TASK OBJECTIVE:
The entries below contain pictures. Write out only the lines from the line with "white background 3" up to and including the line with "904 Square Adhesive", exactly, without them.

DATA UNDER STUDY:
▬▬▬▬▬▬▬▬▬▬

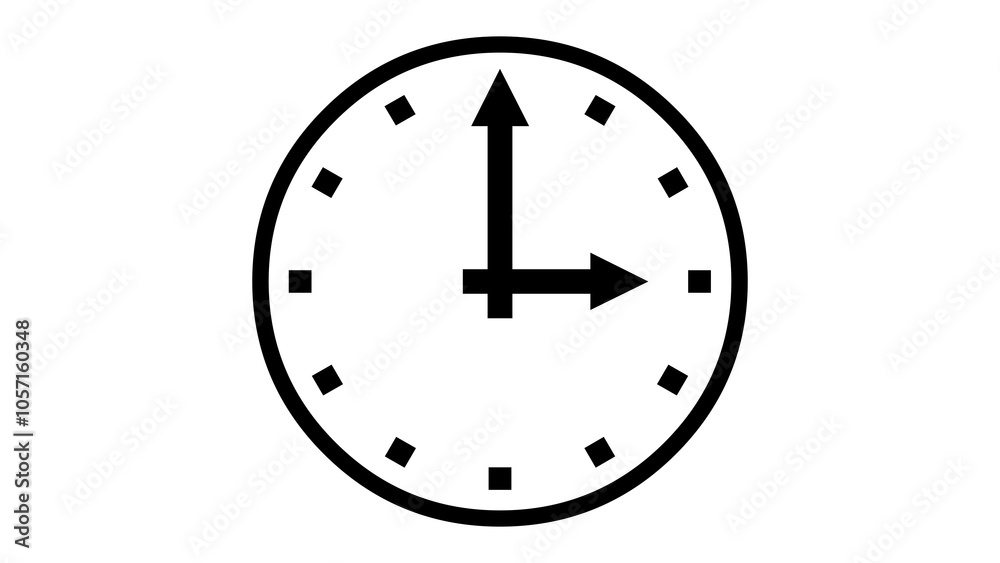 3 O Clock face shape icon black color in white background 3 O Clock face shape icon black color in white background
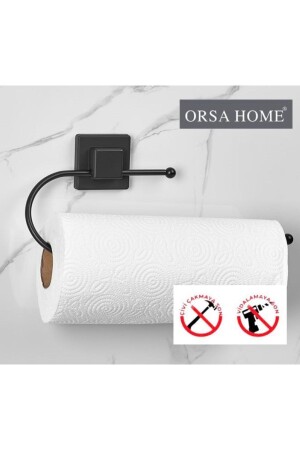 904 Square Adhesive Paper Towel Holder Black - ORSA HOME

▬▬▬▬▬▬▬▬▬▬

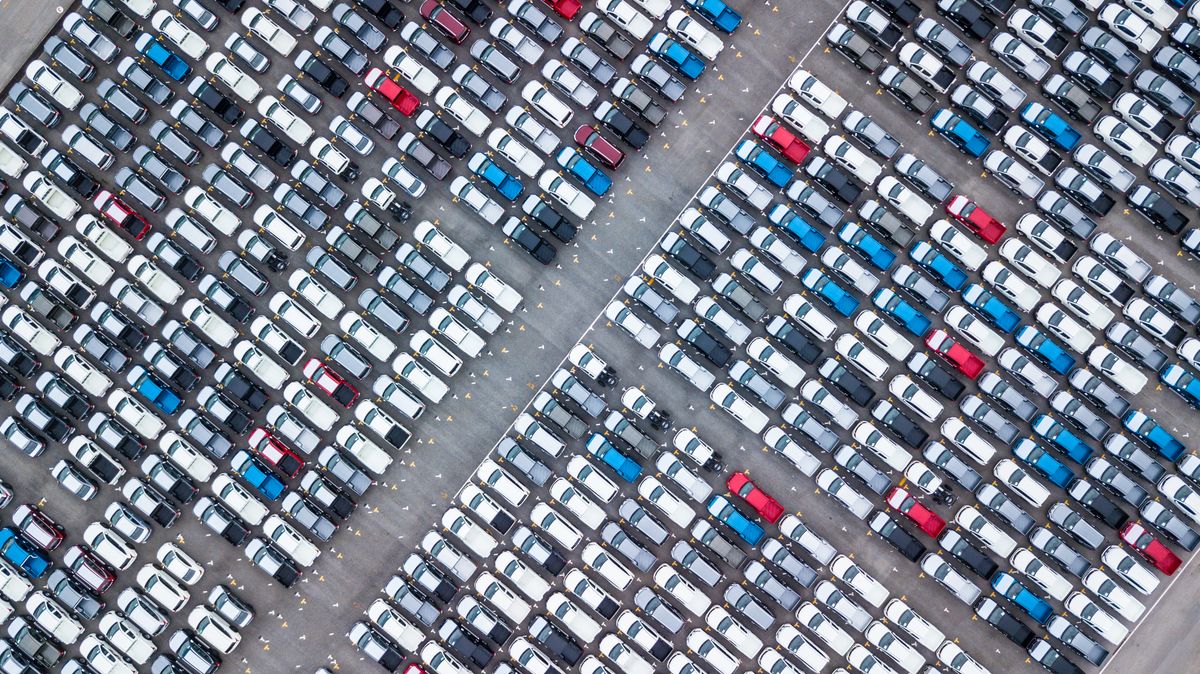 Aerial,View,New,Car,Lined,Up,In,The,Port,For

▬▬▬▬▬▬▬▬▬▬

REPLY TO THE EXERCISE:
 3 O Clock face shape icon black color in white background 3 O Clock face shape icon black color in white background
 904 Square Adhesive Paper Towel Holder Black - ORSA HOME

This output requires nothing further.